El rey se mordió un labio, y sus arrugas se hicieron más profundas.

– ¿No podéis contarme nada en absoluto? -La pregunta tenía mucho de súplica.

– Nada que pueda tener alguna utilidad -repuso la hermana sin perder la calma-. Debemos proceder con toda precaución. ¿Ha ocurrido algo que os acucie y os obligue a querer que el asunto se resuelva con más rapidez de lo que deseabais en un principio?

El rey elevó sus anchos hombros en un gesto difícil de interpretar.

– Vos siempre tan perspicaz, Fidelma. Sí, cada vez aumenta más la tensión. -Oswio, vacilante, lanzó un suspiro-. La amenaza de una guerra civil se cierne sobre nuestras cabezas. Mi hijo Alhfrith está conspirando contra mi persona; incluso hay rumores de que está reclutando guerreros para expulsar por la fuerza a los religiosos irlandeses. A su vez, según se rumorea, mi hija Aelflaed está reuniendo a los seguidores de Columba con el fin de defender las abadías de sus ataques. La chispa más insignificante puede hacer que todo el reino arda en llamas. Ambos bandos acusan al opuesto de la muerte de Étain de Kildare. ¿Qué debo decirles?
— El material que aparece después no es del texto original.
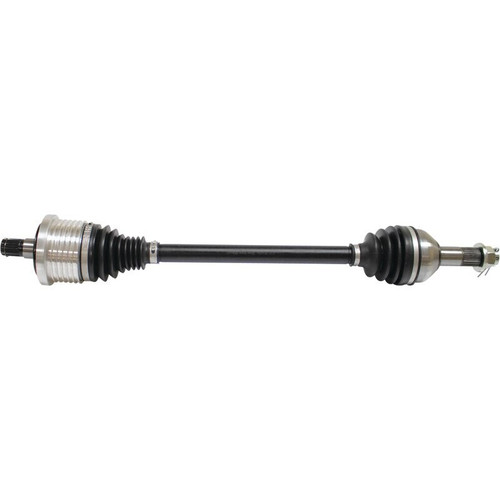 8 BALL HEAVY DUTY AXLE CAN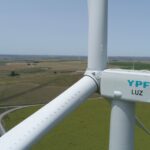 YPF Luz mueve el tablero energético con renovables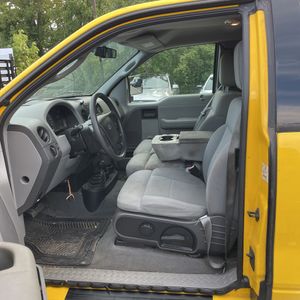 صورة 57 لـ 2004 FORD F-150 XL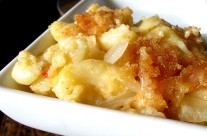 Macaroni and Cheese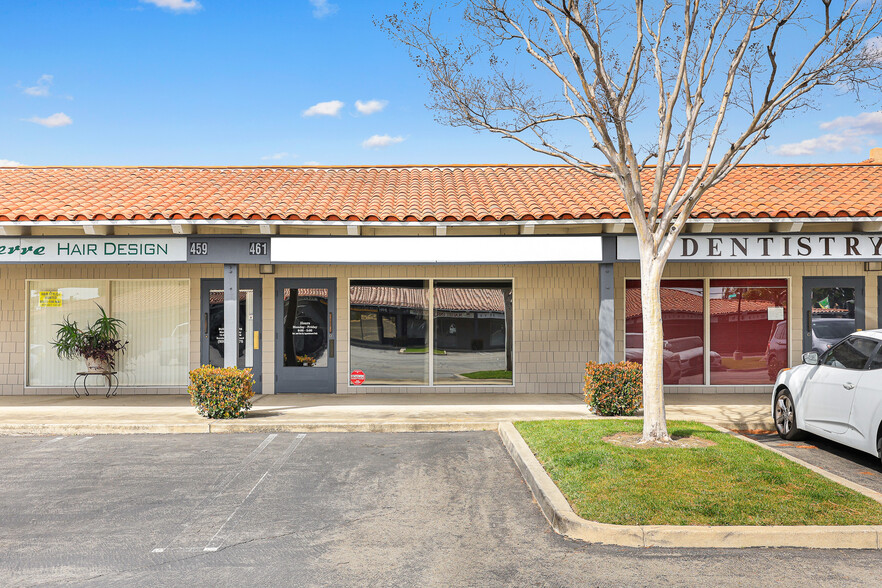 461 N Central Ave, Upland, CA for sale - Building Photo - Image 3 of 23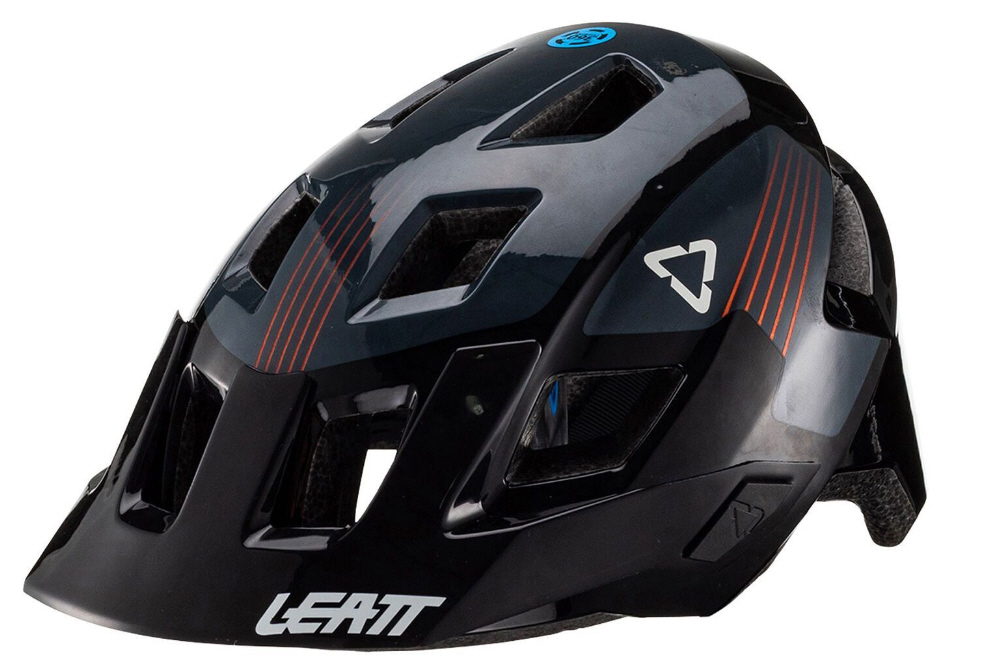 LEATT Helm MTB All Mountain 1.0 Junior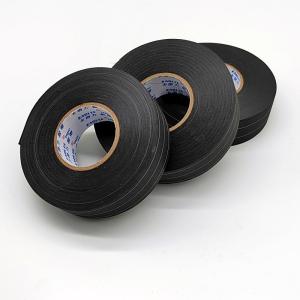 Wholesale Flexible and High Abrasion Resistance Automotive Wire Harness Tape Kablee Tapes from china suppliers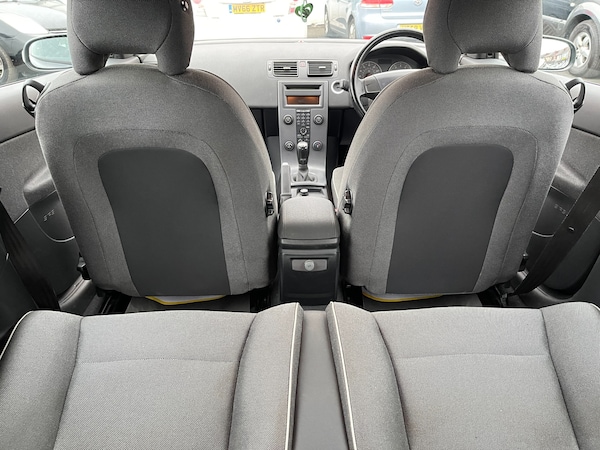 Used Volvo C30 2007 for sale - 76273676: Photo 42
La voz del rey hacía patente su desesperación, hasta tal punto que Fidelma casi sintió lástima por el monarca.

– Todavía no podemos deciros nada, majestad -insistió Eadulf.

– Pero ya habéis interrogado a todo el que la vio antes de su muerte.

Los labios de Fidelma dibujaron una sonrisa triste.

– No cabe duda de que conocéis este hecho de parte de una fuente fiable. ¿Se trata quizá de sor Athelswith?

Oswio, a todas luces incómodo, asintió con un gesto.